The Light Up Navajo V initiative, a volunteer mutual aid program that seeks to extend electric service to families of the Navajo Nation in Arizona who currently have no access to electricity, begins in April. Central Wisconsin Electric Cooperative was one of 14 utility companies from throughout the nation that sent crews to participate in Light Up Navajo IV in 2023, during which the 176 volunteer electric line workers worked alongside Navajo Tribal Utility Authority (NTUA) crews to extend electric power to 137 homes.

Light Up Navajo was created from a unique partnership between NTUA and the American Public Power Association (APPA), which has a mutual aid program that sends electric crews to areas hit by natural disasters like hurricanes and tornadoes. Extending that concept beyond storm damage, NTUA and APPA formed Light Up Navajo, which gained the support of non-APPA utilities, such as the Public Service Company of New Mexico and Arizona Public Service.
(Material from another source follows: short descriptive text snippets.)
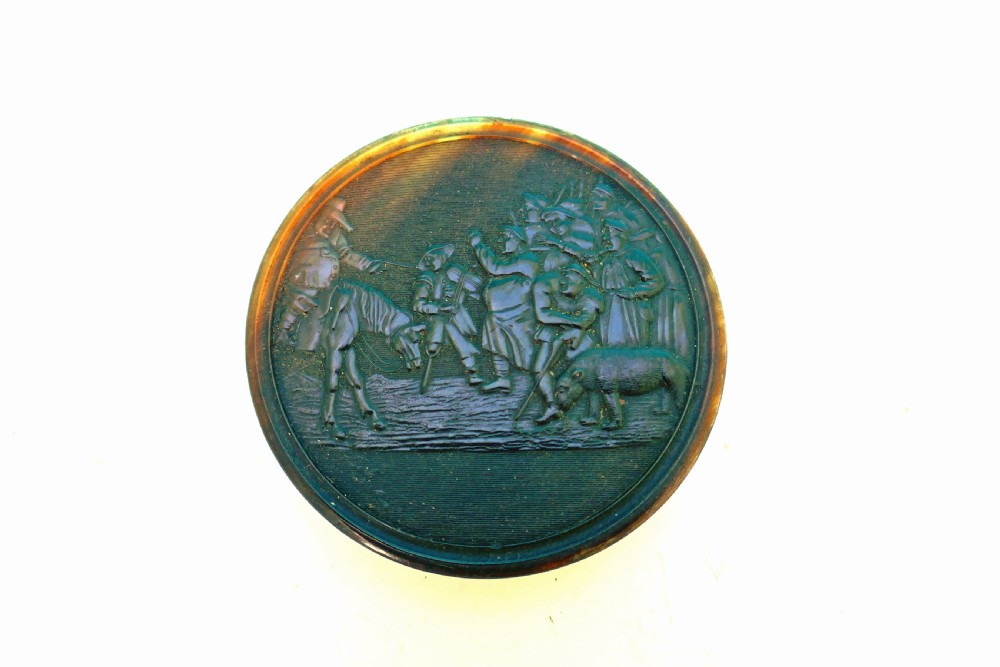 Early 19thc Horn Collectables Signed James Bradwell Pressed Snuff Box.  English. C1800-30.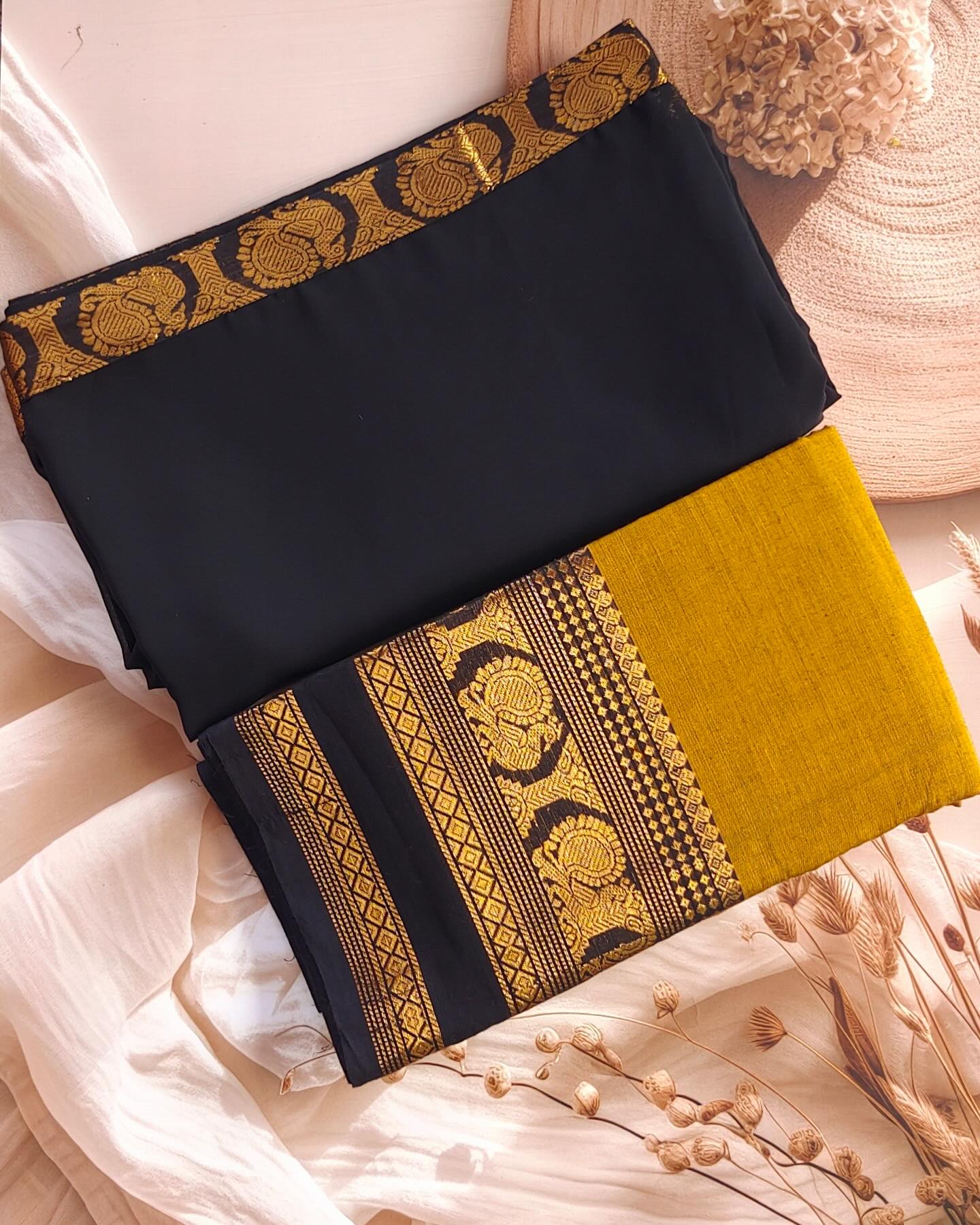 Padmaja Cotton Halfsaree - Gold and Reddish black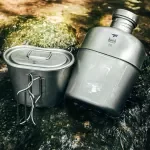 Ultralight Titanium Canteen Mess Kit with Cup and Pouch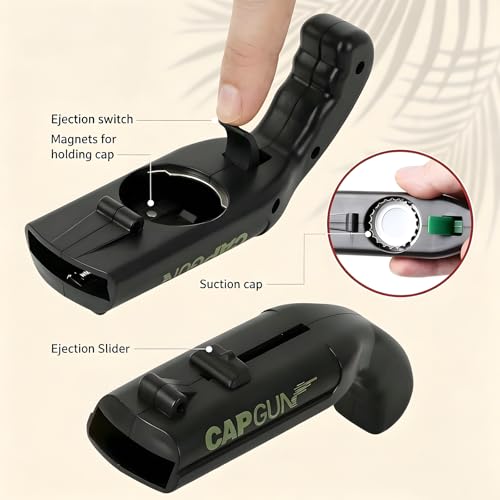 Black Cap Gun Bottle Opener - Fun Shooting Gadget for Parties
A pilot program was launched in 2019, which brought together volunteer crews from public power utilities across the country to connect Navajo homes to the grid. In six weeks, the volunteer crews connected more than 230 homes, reducing the total number of U.S. homes without electricity by 1 percent.
“Outside utilities heard about our challenges and were inspired to be a part of this meaningful, life-changing project because they understand that the dreams of wanting electricity do remain prevalent,” said NTUA General Manager Walter Haase. “Our work is far from over and with the help of the visiting line workers, we will provide families the basic modern conveniences made possible by electricity, such as lighting, heating, air conditioning, and refrigerated food.”

“With electricity the families can also prepare for water and broadband services,” Haase added. “Electric connection does ease the burden for so many families, and that’s our ultimate goal–to help make life easier.”

Daily life for the approximate 13,500 families on the Navajo Nation that still lack access to electricity is definitely not easy. With no electricity to power running water, thousands of families travel up to an hour or even more several times a week to collect tanks of water. Outhouses serve as bathrooms. Perishable food is stored in portable coolers filled with ice. Burning chopped wood or coal is the only means of providing heat in an area that experiences heavy winters from November through April. Challenges to electrification of this area includes the high cost of connecting isolated rural households to the grid, sensitivity of families to utility costs; and limited availability of government loans for electrification.

The typical cost for NTUA to connect a home is $40,000. The Light Up Navajo approach significantly reduces that cost to an estimated $8,000 per home. To date, funding for the project has come from $272,000 in monetary donations, about $440,000 in volunteer time and labor, and a $125,000 grant from APPA’s Demonstration of Energy and Efficiency Developments program.

NTUA is currently planning for 2024 Light Up Navajo V. The initiative will begin in April 2024 and end in July 2024. There are currently three Wisconsin-based electric cooperatives planning to send linemen in 2024.